#### [ABOUT THIS TASK]
Below is a listing; print exactly its lines from the one containing "Papel Arches grano" down to the one containing "2 Pcs Fish Breeder", both inclusive, with every picture left out.

#### [DATA TO EXAMINE]
....

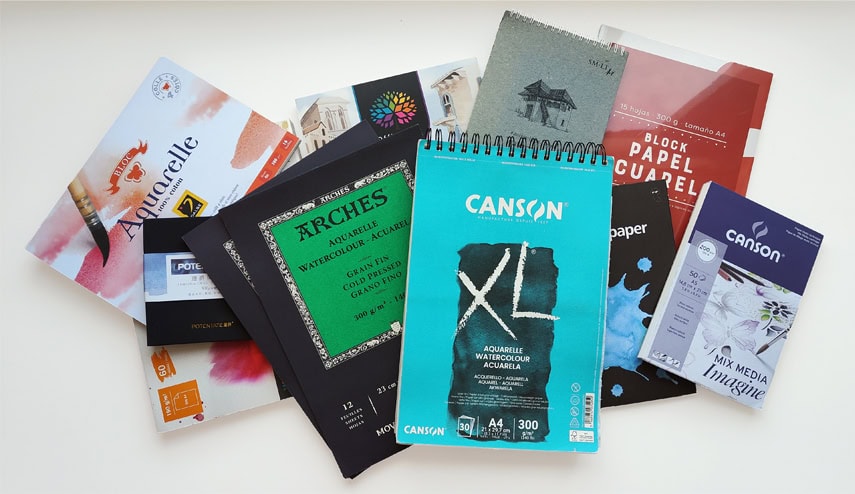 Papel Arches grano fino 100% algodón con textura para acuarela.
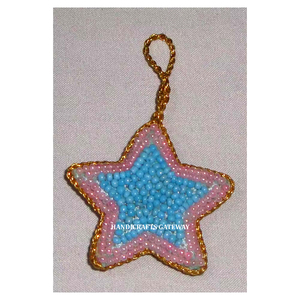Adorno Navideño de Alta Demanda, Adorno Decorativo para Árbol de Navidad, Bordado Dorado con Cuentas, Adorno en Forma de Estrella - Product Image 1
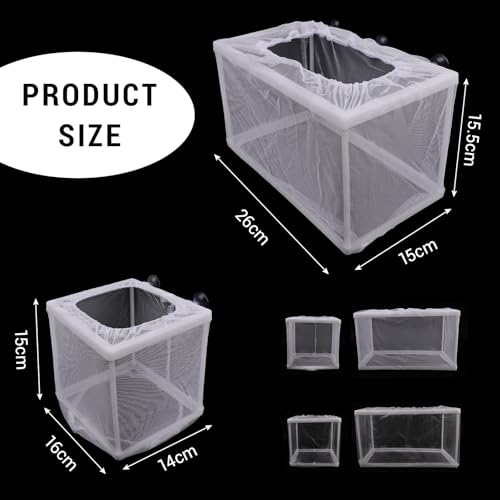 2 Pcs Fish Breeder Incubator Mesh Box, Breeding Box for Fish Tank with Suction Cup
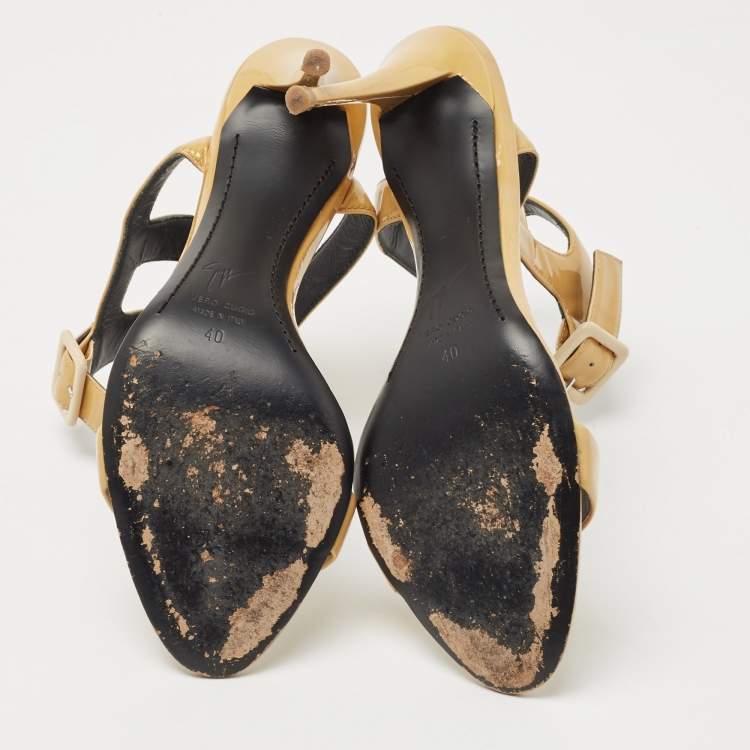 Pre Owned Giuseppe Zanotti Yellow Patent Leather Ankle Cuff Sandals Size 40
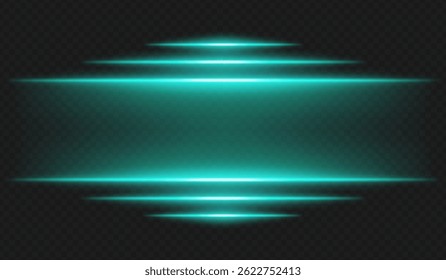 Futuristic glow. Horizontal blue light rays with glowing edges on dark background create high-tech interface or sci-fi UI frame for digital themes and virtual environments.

....

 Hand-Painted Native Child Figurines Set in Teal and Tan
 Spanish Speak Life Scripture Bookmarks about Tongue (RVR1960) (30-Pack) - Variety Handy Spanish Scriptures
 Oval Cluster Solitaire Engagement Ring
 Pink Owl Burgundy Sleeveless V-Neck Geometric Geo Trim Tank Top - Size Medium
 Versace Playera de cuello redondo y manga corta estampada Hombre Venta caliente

....

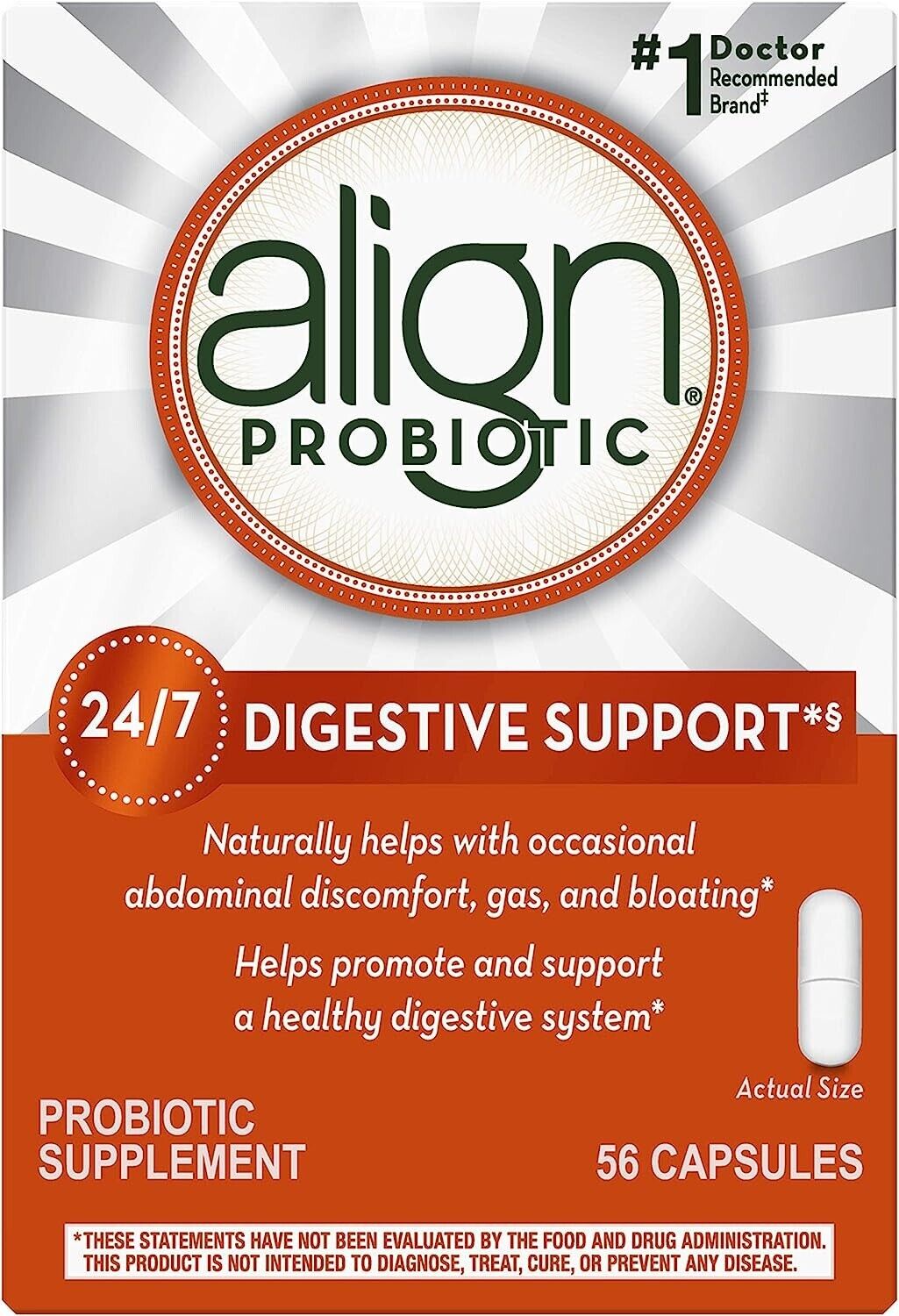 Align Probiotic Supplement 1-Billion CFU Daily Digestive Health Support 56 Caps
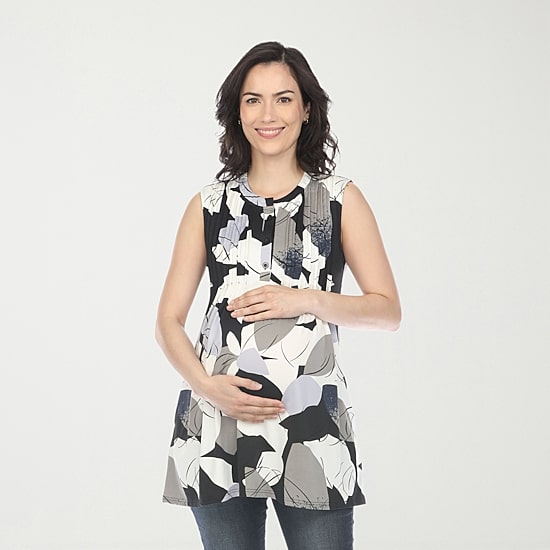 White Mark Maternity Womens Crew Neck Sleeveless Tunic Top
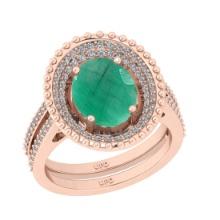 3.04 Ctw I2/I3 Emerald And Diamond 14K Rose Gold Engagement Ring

....

#### [EXPECTED OUTPUT]
 Papel Arches grano fino 100% algodón con textura para acuarela.
Adorno Navideño de Alta Demanda, Adorno Decorativo para Árbol de Navidad, Bordado Dorado con Cuentas, Adorno en Forma de Estrella - Product Image 1
 2 Pcs Fish Breeder Incubator Mesh Box, Breeding Box for Fish Tank with Suction Cup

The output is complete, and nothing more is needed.